Does crowdfunding model for public projects change “government as vending machine” model of public funding? “Vending machine style of funding (circa Tim OReilly). Do you think that the way you are doing crowdfunding in partnership with government changes this?”

Raynor: It’s not such a bad thing for Government to work a bit more like a vending machine. At the moment government bureacrats chose what projects get funded isn’t exactly democratic. As crowdfunding matures priorities will be more determined by citizens. Davies: Not entirely comfortable with this model of government as vending machine. The Spacehive model is more around disruption of the planning process, putting communities at the centre and give them a voice, not about individuals funding projects but about individuals having a voice.

(i) Every kindergarten and elementary school in US raises money from parents via bake sales and events - can crowdfunding adopt or work with that model? (ii) Have groups looked at plaques or other acknowledgement for donations?

Davies: Great idea to work with existing fundraising infrastructure. Spacehive works with the Big Lunch - community lunch on the street -  during UK jubilee, had millions of people doing this. Example of working with the existing relationship. Acknowledgement / rewards key part of existing philanthropic and commercial relationships - spacehive doesn’t do this, sees rewards stemming from individuals enjoying community benefit.

Raynor: Working with one of the largest public school groups in the US to post projects on Citizenvestor, and have seen lots of legal hurdles to offering rewards. Potentially illegal to give rewards for donations that are 100% tax deductible.

Donations 100% tax deductible, but across the country there are different tax structures. Have crowdfunders considered working with local governments to alter tax codes to be crowdfunding friendly?

Raynor + Davies: Not really doing this now, but interesting point.

(i) Any examples of crowdfunding / participation model that was contingent on external factors  - ballot / proposition passing, company involvement? (ii) How does in house R&D around goverment crowdfunding work - city of Austin is preparing to launch an innovation office.

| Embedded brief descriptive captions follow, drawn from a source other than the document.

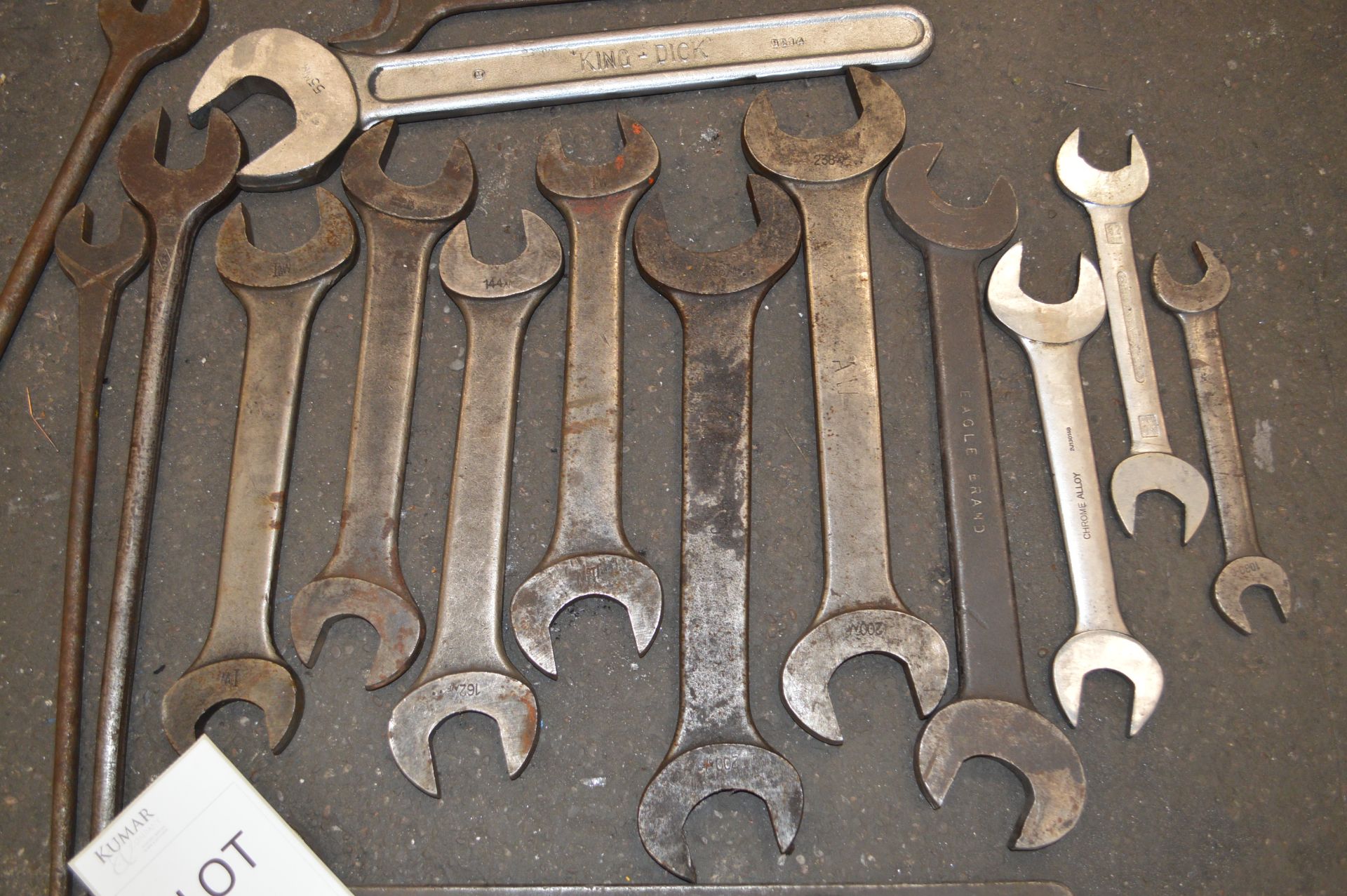 Quantity of open Ended Spanners (approx 18) - Image 6 of 6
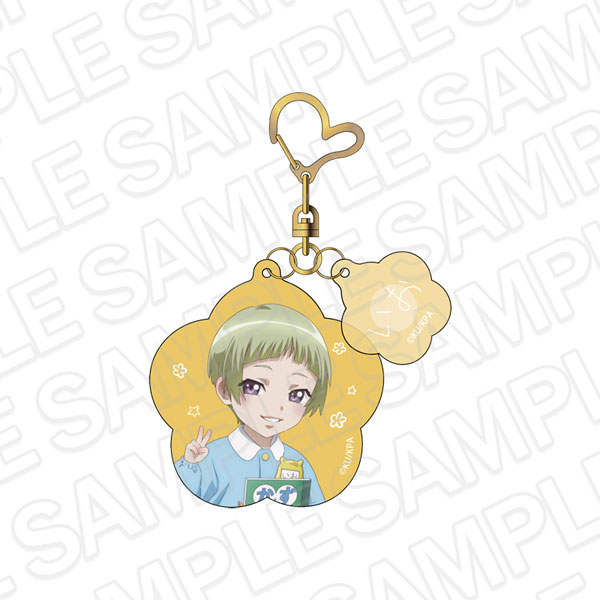 Contents Seed Movie "Cute High Earth Defense Club ETERNAL LOVE!" Acrylic Keychain Io-kun Beppu Kindergarten ver. รูปภาพ 1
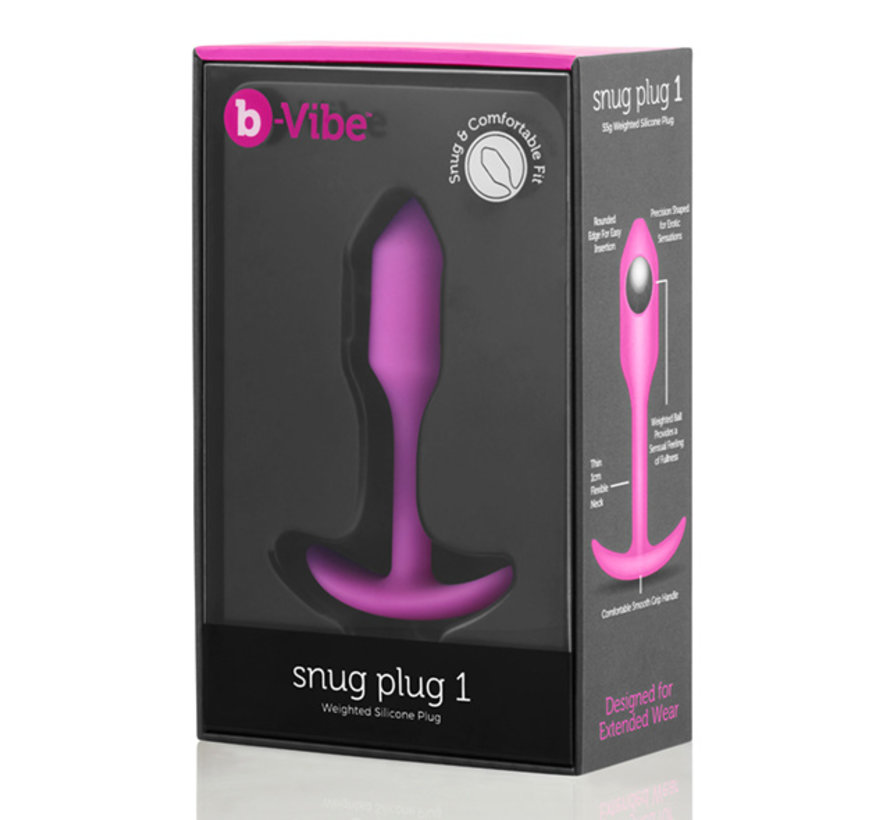 B-Vibe - Snug Butt Plug 1 Fuchsia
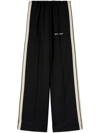 Palm Angels Blackwhite Classic Logo Track Joggers In Black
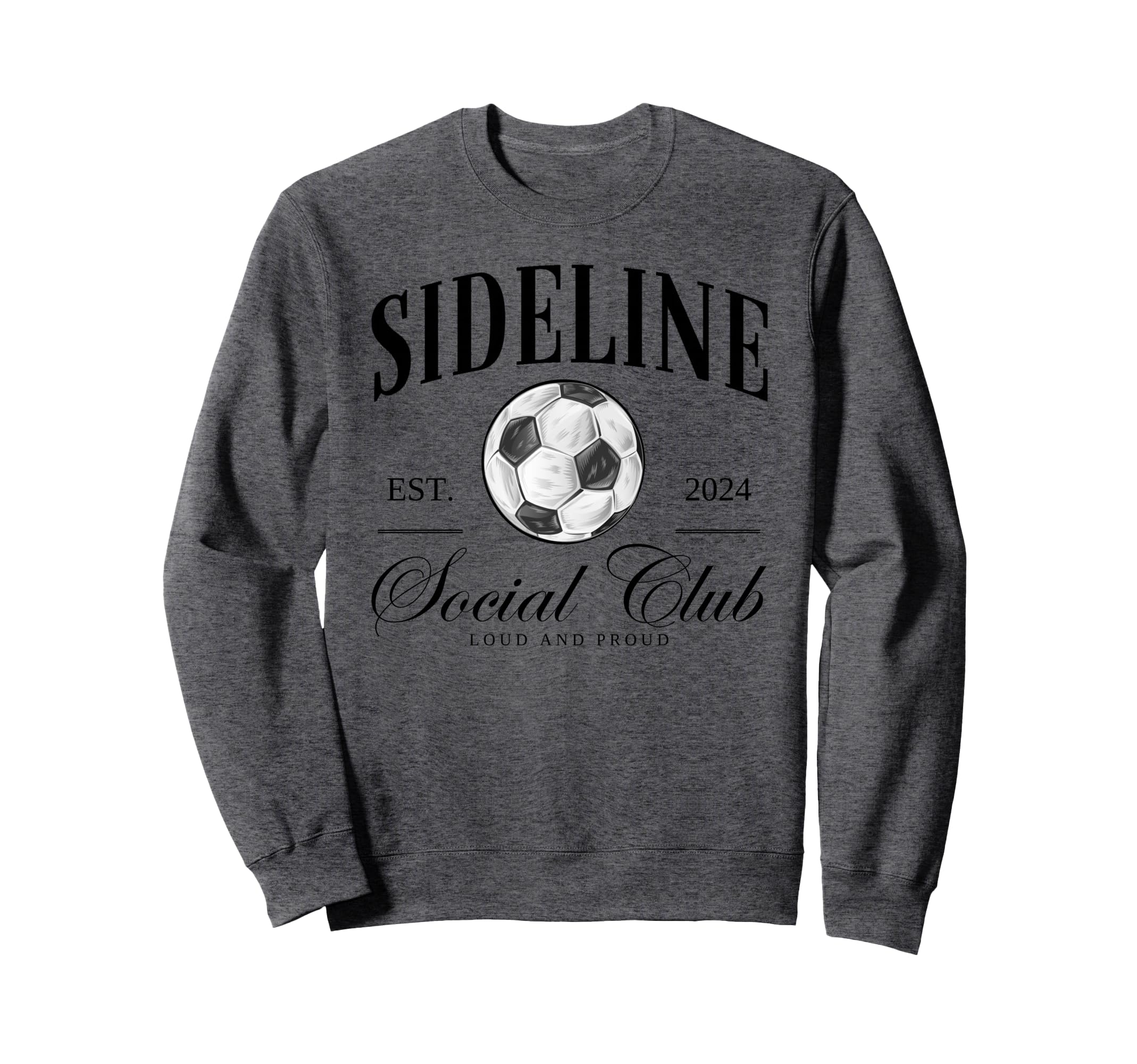 Sideline Social Club Soccer Sweatshirt - Unique Graphic Men Women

Bellows: Lots of different models. In Europe have outsourced it to institutions linked to Government. In Philadelphia they are in the Mayor’s office, and this works well. They are not trying to own innovation but rather to support and nurture innovation by working with others and e.g. being ok with failure.

Engelman: To get to citizen-suggested crowdfunding, then need to make sure that donations are also contingent on approvals being granted (which speaks to the importance of partnerships).

Can mature crowdfunding market potentially change government spending decisions and priorities?

Engelman: someone in crowdfunding industry needs to step up and write a set of principles re. how government works with crowdfunding, e.g. only projects that are highly unlikely to be funded by other means.

Davies: very important question, at this stage we’re still building literacy and proving the model. That makes it hard to create recommendations or a master plan. Not likely to see mass disruption of existing government projects and priorities. Really about community empowerment - communities have great ideas about how to improve their own environments.

Bellows: Exploring what participatory budgeting means. Can have that discussion as part of proving the crowdfunding model.

(i) Once a project’s funded, how is it maintained, e.g. who keeps a new park looking good? (ii) How does crowdfunding work outside big cities, in smaller towns of 1 or 2 thousand?

Raynor: First, more interested in one-off cost projects that don’t have big maintenance costs. Second, we’ve had lots of rural towns and counties approach us, but not so much the very small towns.

Davies: One of the projects described was at a 3000 person town. Worked to a certain extent because crowdfunding was new but also because it put the town on the map by using Welsh celebrities.